The speed of a website is important and the longer it takes for pages to load, the more chance there is that someone will skip your site and go elsewhere.
A slow web server is one cause of a slow site and sharing the hardware with dozens or even hundreds of websites can make your own site very slow. However, it is the most common and most used form of web hosting.
If the computer your site is running on is also running many others, each one only gets a small part of the processing power and memory. That's why it is slow. The solution is to move to a hosting plan where you share the hardware with fewer other sites.
You can even get your own dedicated hardware. The downside is that this can be expensive, so you might want to avoid this if at all possible.
Another cause of a slow site is a poorly designed theme for your CMS (content management system), typically WordPress.
Changing the WordPress theme isn’t always easy and it may cost you money too. You might even need to employ someone to do it for you.
Tweaking the code to make a site more efficient is technically difficult too.
Optimise the images
The one thing you can do to speed up your website without spending any money and that is technically easy, even for a novice, is to optimise the images.
The performance of a website can easily be improved by reducing the size of images and and compressing them. It can make a huge difference, especially when viewed on mobile devices.
Optimising a website for phones and tablets is essential these days because it is becoming one of the most common ways to access online content.
Being mobile friendly will also boost your Google ranking in search results.
A slow site because of large images can lower your ranking in search results. Improve your SEO by optimising images.
Let’s work through an example.
Don’t use original photos
Here is a high resolution photo that is 2,720 k in its original file transferred from a phone. Never use original photos on your website because they are far too large.
It is surprising how many people don’t realise this and they post photos taken with digital cameras and phones without even looking at the size. Maybe they see the size, but don’t realise what a big problem it is.
I have seen web pages with three or four images this size!

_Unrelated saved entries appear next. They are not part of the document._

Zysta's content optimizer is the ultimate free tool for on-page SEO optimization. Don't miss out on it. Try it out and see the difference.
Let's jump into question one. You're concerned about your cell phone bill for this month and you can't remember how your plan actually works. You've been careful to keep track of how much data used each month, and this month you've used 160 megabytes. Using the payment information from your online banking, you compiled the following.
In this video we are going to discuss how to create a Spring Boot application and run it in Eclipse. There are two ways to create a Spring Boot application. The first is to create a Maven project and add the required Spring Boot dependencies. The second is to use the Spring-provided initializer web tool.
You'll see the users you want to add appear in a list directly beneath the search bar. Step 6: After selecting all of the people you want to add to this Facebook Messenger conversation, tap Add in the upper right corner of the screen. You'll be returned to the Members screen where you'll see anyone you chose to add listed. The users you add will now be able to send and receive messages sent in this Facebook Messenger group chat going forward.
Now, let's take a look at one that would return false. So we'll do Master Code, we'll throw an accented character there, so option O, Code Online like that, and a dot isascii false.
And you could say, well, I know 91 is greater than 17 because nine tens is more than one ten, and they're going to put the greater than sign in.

- They have a negative effect on SEO
- They lower your Google search ranking
- They use a lot of mobile data.
- They are slow to load on mobile.
Scale images and reduce the size
Web pages cannot show original sized photos and there are simply too many pixels. It depends on the WordPress, Blogger or whatever CMS theme being used, but often there is a limit to the width of images.
This web page has a column for the text and images that is about 600 pixels wide. If a larger image is used, it is automatically shrunk to fit. However, the image file must be downloaded first, then it can be sized to fit.

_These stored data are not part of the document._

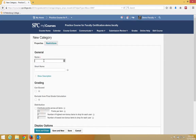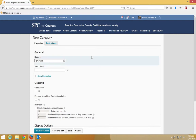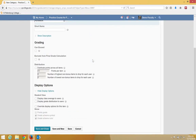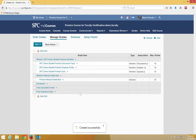Type in the name for the category. In this case, I'm going to use Homework, which is what you would use for this particular activity. There's nothing else you need to do. Just click Save and Close. This will take you back to the Manage Grades area and you'll see the category listed in the Manage Grades.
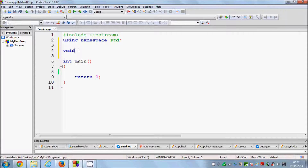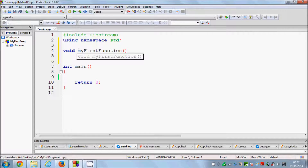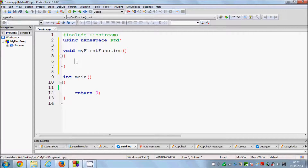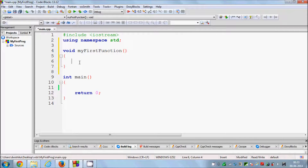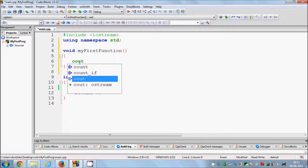Right now I'm making a function which returns nothing. Then comes the name of the function — for example, I'll call it myFirstFunction. Then come the two parentheses, and then whatever code you want to write goes inside the two curly braces. So the basic declaration is: return type (void), name of the function, parentheses, and curly braces. Whatever you write inside this function will be executed when you call this function inside main.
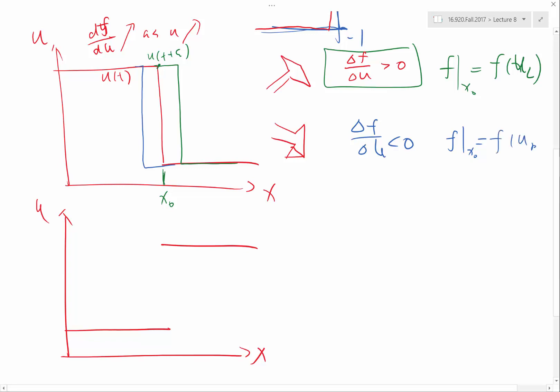F at U R, so this is U L and this is U R. Now this behavior is what we captured in the upwinding scheme. We bias the F towards either F of U L or F of U R, depending on which side the shock wave is moving.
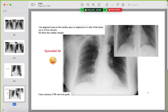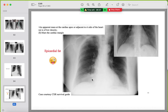A mimicker for right lower lobe opacification is epicardial fat. The density appears grayish rather than white like a true collapse. Train your eye to recognize this fat density and avoid confusing it with right lower lobe pathology.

This takes time and processing power. If the image is resized before being added to the page, it speeds it up, reduces downloads, uses less mobile data and so on. Always resize images.

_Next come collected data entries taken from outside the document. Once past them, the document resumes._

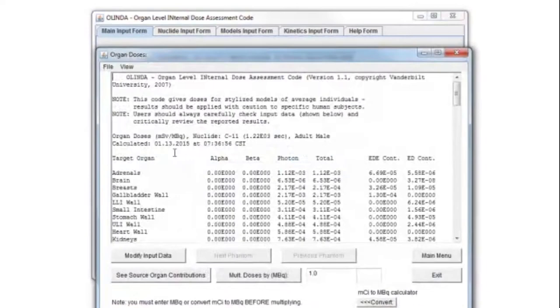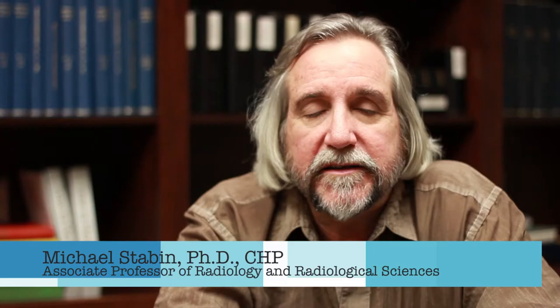Olinda was developed around 2004 as a successor to the MIRT DOSE computer code. Its principal uses are in calculating standardized dose estimates for radiopharmaceuticals, and it may be used in teaching, research, and for comparison of radiopharmaceutical dose estimates.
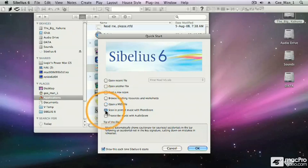Here, I can choose to use my scanner to scan in printed music using Photoscore Lite, which came with Sibelius, or I could use Photoscore Ultimate to get even more options for scanning in music.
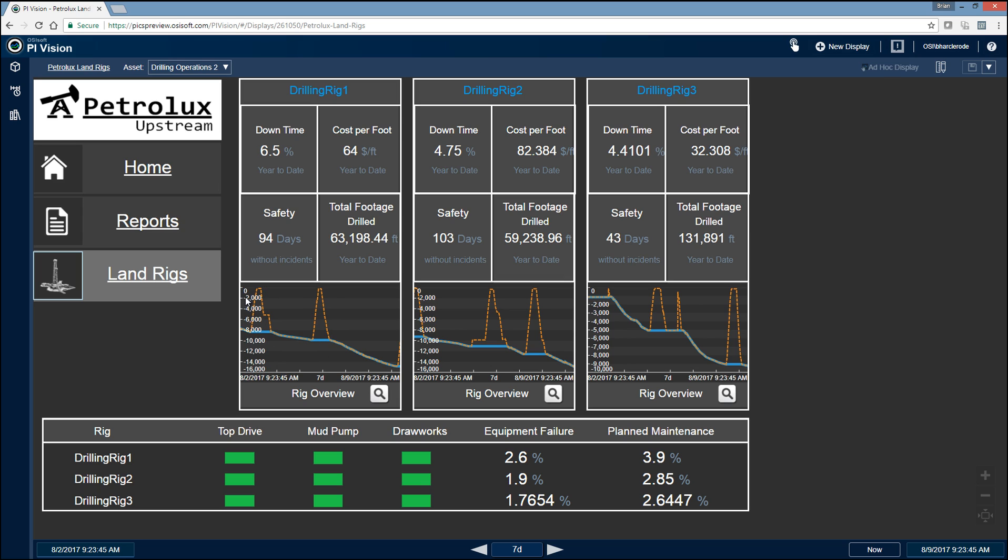So this allows us to immediately understand exactly what's going on on that particular drilling rig. For example, here on drilling rig one, it looks like we're tripping out of the hole. So whether we're coming out of the hole to change a bit, or BHA, or perhaps we're actually done with the particular hole section that we're currently drilling.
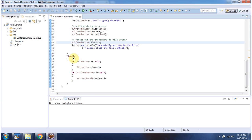Inside the finally block, I am closing the fileWriter and bufferedWriter. I will run this program and show you the output.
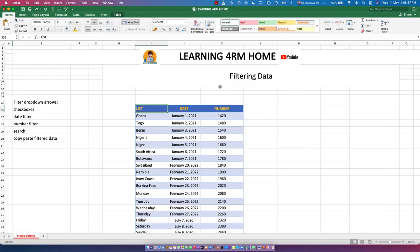Hello, welcome to the Learning from Home channel. In this video we talk about filtering data — how to filter data using the date filter, number filter, search filter, and also how to copy and paste filtered data as well.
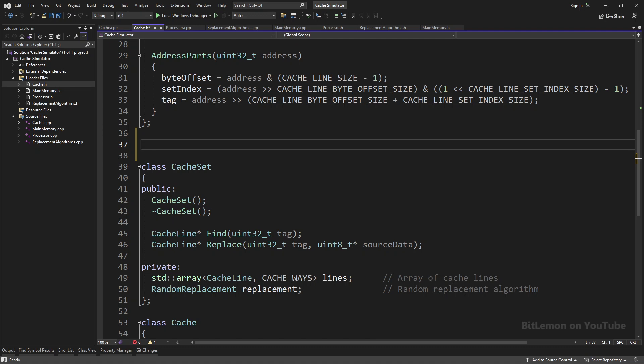In the previous video, I implemented the basic framework for a CPU cache simulation. In this video, I'm going to build a mechanism for measuring the cache hit rate and then test it on a few different scenarios.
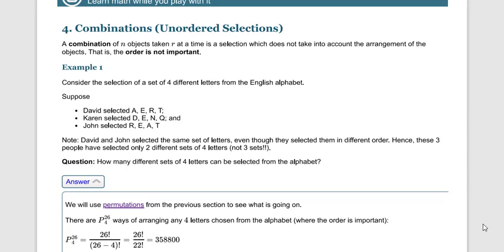Jai Bharat. In the last lecture we started the new topic of combination, and in the lecture before that we studied permutation. We have understood the basic concepts of combination and discussed permutation and its examples. Now let's start with a basic revision of combination, then we will see some different types of examples related to combination.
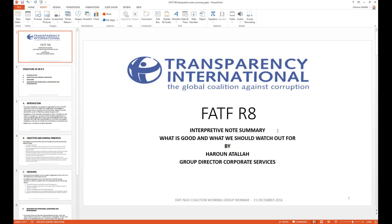Harun Atala from Transparency International explains the interpretive note that follows the Recommendation 8 wording. The interpretive note explains how governments will implement the recommendation and is divided into four sections: A (introduction), B (objectives and general principles), C (measures), and D (resources and supervision, monitoring, and investigation). The recommendation itself has three parts. The first issue is defining what constitutes a nonprofit organization — a broad, functional definition including charitable, religious, cultural, educational, and social activities.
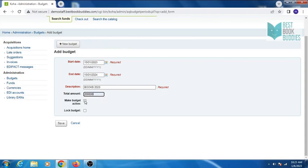Make budget active, you can also lock budget, then click on save.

Use Photoshop to resize images if you have it, but if you want a free photo editor for optimising images, get GIMP. It works on Windows, Apple Mac and Linux.
Load the image, go to the Image menu and select Scale Image.
Set the width to the maximum size that will fit on the web page. This one uses 600 pixel wide images in the body of the article. There is no need to set the height because it is automatically set from the width.
Save the image
The resized image must be saved before it can be uploaded to your site. Select Export As on the File menu.
Enter the name, making it different to the original filename to avoid overwriting it. Make sure it is a .jpg file.
Set the compression
When saving JPEG images, there is a quality slider. When the quality is set to 1 the file size is very small, 7.7 kB in this case, but the quality is awful. (Tick the box, Show preview in image window.)
As the quality is increased, the image looks better and better, but the file size gets bigger and bigger.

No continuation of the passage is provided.